→ Required work
The answer must be a single number: the count of lines in the records below that contain the word "against".

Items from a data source

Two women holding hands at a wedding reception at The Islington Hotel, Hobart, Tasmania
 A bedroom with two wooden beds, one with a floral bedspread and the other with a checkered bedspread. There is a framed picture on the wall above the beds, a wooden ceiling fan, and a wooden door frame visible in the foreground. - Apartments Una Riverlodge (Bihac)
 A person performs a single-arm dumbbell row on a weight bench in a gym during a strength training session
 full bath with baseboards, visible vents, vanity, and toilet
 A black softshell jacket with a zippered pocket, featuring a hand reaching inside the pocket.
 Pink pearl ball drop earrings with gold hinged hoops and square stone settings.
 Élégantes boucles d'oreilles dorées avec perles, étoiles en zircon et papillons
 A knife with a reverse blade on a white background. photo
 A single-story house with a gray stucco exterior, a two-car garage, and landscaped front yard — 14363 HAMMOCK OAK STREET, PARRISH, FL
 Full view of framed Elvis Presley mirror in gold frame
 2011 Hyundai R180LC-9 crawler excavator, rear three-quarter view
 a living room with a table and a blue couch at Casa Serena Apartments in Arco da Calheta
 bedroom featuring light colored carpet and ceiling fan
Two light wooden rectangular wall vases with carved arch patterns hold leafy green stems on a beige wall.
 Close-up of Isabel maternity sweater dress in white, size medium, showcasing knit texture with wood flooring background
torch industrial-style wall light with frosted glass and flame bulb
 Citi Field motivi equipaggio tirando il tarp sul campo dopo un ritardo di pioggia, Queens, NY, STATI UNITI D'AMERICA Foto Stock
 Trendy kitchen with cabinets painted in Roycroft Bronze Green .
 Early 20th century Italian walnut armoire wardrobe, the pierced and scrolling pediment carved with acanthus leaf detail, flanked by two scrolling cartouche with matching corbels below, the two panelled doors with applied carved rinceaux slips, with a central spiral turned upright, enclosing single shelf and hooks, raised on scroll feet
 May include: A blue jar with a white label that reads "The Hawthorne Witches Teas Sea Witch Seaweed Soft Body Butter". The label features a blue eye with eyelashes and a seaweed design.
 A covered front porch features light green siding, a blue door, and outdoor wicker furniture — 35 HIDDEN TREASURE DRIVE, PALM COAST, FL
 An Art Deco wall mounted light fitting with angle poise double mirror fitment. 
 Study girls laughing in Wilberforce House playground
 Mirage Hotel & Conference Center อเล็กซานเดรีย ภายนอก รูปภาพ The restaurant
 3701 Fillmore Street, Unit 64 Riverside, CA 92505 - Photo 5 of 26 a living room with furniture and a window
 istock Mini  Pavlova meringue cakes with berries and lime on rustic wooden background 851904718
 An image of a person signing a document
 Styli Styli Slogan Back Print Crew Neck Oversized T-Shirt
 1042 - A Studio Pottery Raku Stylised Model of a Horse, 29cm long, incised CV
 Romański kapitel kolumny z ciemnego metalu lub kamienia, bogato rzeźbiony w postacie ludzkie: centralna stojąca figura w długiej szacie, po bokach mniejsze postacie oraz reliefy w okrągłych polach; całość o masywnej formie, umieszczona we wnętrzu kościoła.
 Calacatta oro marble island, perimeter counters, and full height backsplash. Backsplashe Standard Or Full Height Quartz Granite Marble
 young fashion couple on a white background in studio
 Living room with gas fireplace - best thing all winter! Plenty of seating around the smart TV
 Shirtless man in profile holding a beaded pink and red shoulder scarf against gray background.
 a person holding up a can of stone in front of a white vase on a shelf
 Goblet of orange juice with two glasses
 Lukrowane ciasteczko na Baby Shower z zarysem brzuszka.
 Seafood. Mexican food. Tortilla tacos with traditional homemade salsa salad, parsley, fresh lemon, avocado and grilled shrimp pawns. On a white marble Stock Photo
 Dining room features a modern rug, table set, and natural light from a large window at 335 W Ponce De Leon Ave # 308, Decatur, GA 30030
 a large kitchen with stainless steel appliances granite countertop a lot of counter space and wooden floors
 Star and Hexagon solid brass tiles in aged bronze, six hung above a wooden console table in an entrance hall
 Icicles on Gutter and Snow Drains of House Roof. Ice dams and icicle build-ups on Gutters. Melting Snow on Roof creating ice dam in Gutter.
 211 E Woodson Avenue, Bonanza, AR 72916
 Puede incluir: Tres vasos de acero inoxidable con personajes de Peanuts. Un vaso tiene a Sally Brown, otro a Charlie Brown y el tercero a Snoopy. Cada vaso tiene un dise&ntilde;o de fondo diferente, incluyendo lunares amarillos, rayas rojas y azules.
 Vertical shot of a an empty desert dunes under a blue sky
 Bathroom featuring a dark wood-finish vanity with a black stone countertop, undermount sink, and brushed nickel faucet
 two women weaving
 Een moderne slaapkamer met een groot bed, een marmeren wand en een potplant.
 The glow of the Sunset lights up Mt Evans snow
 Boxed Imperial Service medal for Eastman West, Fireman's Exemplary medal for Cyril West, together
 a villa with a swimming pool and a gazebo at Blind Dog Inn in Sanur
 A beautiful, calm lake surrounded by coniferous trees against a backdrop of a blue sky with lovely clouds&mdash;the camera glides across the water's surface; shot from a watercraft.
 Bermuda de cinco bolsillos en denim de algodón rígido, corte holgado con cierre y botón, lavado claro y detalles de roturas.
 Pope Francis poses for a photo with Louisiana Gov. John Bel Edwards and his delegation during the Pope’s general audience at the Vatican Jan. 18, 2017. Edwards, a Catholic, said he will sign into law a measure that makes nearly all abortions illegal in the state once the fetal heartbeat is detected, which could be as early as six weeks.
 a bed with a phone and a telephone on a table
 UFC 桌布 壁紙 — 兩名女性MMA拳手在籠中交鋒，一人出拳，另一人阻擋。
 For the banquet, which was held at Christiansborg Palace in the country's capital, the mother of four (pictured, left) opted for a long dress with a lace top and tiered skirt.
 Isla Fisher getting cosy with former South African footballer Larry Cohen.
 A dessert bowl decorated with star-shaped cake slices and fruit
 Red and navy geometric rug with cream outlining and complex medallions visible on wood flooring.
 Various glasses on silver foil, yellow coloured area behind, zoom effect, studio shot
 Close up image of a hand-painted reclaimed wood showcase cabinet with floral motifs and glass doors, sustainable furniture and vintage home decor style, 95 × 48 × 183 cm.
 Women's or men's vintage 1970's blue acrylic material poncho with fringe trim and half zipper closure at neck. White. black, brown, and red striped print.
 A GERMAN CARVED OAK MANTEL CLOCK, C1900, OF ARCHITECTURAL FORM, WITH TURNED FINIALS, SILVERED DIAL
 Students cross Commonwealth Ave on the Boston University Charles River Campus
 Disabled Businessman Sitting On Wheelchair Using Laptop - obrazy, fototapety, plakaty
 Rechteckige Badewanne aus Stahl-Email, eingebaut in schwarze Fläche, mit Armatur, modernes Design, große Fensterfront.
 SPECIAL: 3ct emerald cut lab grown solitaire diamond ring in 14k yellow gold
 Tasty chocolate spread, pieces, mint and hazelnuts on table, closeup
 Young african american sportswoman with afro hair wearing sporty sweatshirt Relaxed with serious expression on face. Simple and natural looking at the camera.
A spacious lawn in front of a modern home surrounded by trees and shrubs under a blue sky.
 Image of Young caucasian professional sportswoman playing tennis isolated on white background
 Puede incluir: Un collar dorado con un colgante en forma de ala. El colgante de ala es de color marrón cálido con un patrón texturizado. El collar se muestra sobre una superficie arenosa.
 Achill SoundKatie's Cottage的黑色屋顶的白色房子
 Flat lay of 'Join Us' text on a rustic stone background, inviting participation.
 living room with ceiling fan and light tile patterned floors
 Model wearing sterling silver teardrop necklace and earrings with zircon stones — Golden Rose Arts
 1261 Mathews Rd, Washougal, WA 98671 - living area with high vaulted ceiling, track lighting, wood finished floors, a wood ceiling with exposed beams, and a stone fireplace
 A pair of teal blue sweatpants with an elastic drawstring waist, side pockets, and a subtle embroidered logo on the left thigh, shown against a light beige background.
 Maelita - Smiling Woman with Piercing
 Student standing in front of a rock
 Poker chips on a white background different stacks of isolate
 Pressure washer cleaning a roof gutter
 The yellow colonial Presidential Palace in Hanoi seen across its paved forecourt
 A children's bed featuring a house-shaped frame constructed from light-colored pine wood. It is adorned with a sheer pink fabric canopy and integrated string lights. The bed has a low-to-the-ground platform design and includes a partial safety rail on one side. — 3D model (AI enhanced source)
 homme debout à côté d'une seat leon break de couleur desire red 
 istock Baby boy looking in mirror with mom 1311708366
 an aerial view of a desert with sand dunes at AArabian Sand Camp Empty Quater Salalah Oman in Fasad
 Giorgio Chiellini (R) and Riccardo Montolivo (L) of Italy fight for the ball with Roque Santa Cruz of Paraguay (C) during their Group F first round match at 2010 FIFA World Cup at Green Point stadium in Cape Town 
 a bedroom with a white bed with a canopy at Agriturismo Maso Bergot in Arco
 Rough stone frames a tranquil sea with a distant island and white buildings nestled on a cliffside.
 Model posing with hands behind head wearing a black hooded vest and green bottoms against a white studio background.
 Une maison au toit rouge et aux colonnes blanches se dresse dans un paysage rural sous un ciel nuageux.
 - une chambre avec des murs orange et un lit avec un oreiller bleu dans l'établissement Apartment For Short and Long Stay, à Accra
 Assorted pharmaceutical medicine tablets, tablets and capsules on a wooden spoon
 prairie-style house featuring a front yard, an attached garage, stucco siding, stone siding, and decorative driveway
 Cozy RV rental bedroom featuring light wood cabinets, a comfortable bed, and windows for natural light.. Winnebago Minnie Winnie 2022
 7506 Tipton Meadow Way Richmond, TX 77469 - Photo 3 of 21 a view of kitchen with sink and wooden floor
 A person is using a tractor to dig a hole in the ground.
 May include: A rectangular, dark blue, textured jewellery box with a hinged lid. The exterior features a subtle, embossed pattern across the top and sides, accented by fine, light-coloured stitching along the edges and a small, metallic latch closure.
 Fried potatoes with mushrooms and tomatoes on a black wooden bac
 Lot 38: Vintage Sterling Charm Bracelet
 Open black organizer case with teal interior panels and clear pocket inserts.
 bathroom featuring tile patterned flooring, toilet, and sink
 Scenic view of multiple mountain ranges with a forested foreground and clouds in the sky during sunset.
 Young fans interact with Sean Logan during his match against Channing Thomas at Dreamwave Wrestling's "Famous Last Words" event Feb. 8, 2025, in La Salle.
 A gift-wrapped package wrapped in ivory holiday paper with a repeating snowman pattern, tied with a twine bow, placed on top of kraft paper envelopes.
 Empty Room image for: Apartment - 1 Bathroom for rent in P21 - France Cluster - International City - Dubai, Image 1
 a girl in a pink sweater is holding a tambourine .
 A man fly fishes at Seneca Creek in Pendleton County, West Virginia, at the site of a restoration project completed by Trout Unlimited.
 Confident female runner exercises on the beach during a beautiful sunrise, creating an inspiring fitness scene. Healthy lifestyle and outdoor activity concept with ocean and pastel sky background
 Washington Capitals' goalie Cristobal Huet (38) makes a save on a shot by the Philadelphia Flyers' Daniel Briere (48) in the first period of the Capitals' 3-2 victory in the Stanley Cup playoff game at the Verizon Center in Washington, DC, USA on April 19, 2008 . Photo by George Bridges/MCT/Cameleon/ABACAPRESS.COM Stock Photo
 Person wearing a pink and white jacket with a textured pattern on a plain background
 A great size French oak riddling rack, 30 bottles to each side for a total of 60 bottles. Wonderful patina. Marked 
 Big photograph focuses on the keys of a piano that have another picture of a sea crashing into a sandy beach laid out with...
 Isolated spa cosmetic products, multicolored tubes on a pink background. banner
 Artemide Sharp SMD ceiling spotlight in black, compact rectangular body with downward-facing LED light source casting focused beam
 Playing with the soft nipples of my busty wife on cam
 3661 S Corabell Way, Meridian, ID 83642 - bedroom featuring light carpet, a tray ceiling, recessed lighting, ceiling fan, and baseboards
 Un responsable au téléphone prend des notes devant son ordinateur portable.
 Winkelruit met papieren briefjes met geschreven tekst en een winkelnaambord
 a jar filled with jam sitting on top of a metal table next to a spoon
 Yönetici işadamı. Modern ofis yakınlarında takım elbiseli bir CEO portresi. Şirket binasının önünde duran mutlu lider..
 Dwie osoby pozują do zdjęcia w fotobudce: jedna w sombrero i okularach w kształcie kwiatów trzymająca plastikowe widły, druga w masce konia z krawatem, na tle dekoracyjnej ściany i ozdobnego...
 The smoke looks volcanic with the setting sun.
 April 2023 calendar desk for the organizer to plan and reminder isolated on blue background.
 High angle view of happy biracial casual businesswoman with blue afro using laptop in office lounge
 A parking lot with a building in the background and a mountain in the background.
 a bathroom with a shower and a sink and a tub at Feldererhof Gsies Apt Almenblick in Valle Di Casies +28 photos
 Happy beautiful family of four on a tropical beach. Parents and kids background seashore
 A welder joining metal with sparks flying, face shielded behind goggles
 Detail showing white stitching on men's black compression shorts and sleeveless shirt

→ Expected answer
5